With greater freedom of the self comes loneliness, and a suspicion of freedom.
Delicious mountains.
Some photographs of the mountains around the Baralacha La Pass in the Himalaya — looking like ice cream, like a spread of variety of delicious desserts all around you. These were taken on my way from Himachal to Ladakh on August 15 2021.
I wish I had carried a spoon.
Delicious desserts of the Baralacha La Pass. Ladakh/Himachal Pradesh, India. August 2021.
Delicious desserts of the Baralacha La Pass. Ladakh/Himachal Pradesh, India. August 2021.
Delicious desserts of the Baralacha La Pass. Ladakh/Himachal Pradesh, India. August 2021.
Delicious desserts of the Baralacha La Pass. Ladakh/Himachal Pradesh, India. August 2021.
How to express gratitude to the Himalaya.
I just thought, or rather I imagined — but this is not something I would like to imagine, rather the imagination came to me — but that’s not what it absolutely is, so I’d say — I dreamed — dreamed with eyes open and mind conscious — that I scraped the upper row of my teeth against the rough edges of an enormous slate-grey rock here in the Himalaya, and I could see in instants my own teeth become powder, I scraped away until my gums bled and the rock was covered in teeth powder and blood.
— this is how one should express gratitude to the Himalaya, this is the highest way. It’s a prayer.
Because of words.
Usually, I am happy to write in my head. It’s easier. In your head there are no difficulties to get in the way. But, as soon as you write anything down, the thoughts change, become distorted, and everything turns out false. Because of words.
— Agota Kristof
From a 2011 interview with Agota Kristof.
Two great miracles of life.
It’s a miracle that we can be sad. It’s a miracle that we can be happy.
It’s a miracle when I am sad, it’s a miracle when I am happy.
Three mango pickers.
A woman and her young daughter are picking mangoes off the singular tree in their front yard garden. I’m as usual on my balcony and their house is at a small distance.
Intense envy. I wish I had this. A mango tree in my front yard garden.
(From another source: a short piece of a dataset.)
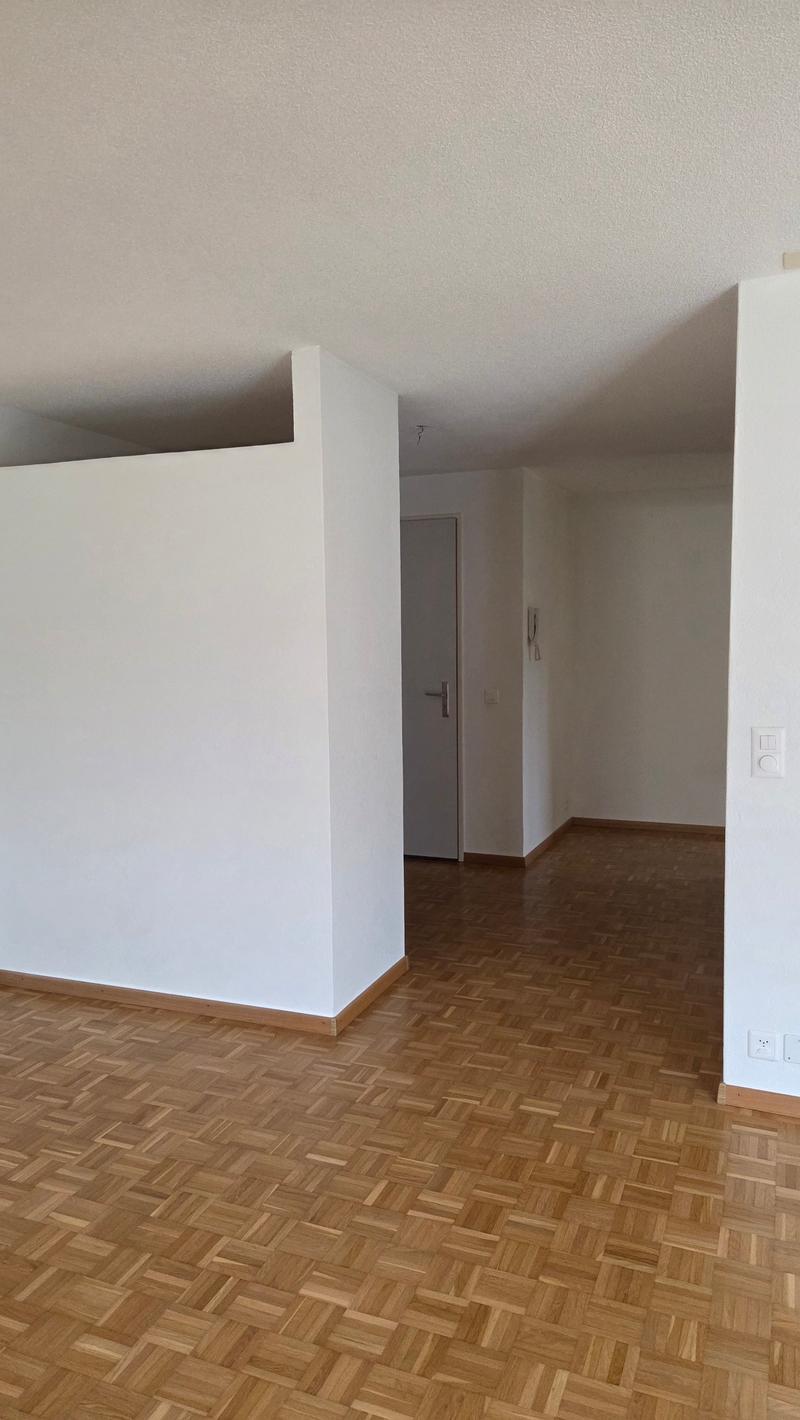 Apartment located in a building with elevator. (3)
Suddenly, I see a man in a red shirt — the husband — fall from the tree along with a green branch. And I laugh.
(If I did not continue looking until the man fell from the tree like a giant red fruit, I would have never come to know that there were in fact three mango pickers. Perhaps there were more?)
Demands of little flower plants.
Little flower plants
Demand
And the sun comes out.
The weather
Changes
At the will of little flower plants.
Time on the rooftop of a haveli.
Time is the blackest evil, a disease worse than tuberculosis. It runs around the eternal havelis of Mandawa, and—
eats and eats and eats.
Dot by black dot, it envelops the haveli like a cosmic plague of black spots.
In this photograph taken during the lab-made COVID-19 pandemic, I witnessed a natural pandemic of time on the haveli walls, from the ground to the rooftop.
Rooftop of a timeless haveli. Mandawa, Rajasthan, India. January 2021.
This is what it looks like when time is on the rooftop of a haveli, eating it carelessly. In the presence of the departing sun and the moon that has arrived too soon.
I stood on the rooftop, not moving, as if I was frozen in time to a time that now looks too ancient and false. Frozen to a time of Maharajas and splendid life, which is what the present time is eating before my eyes.
The Ghibli bus at night.
Past midnight, humid and boring night, five days ago. I’m on my balcony in Bhadrash village in Himachal Pradesh, looking at the road going across on the other side of the valley.
Suddenly, a local bus passes on the road, decorated with colourful blinking lights and blaring that old-style, musical horn.
It is actually a bus from a Studio Ghibli film, jumping and twisting itself while running, and gobbling down vehicles randomly.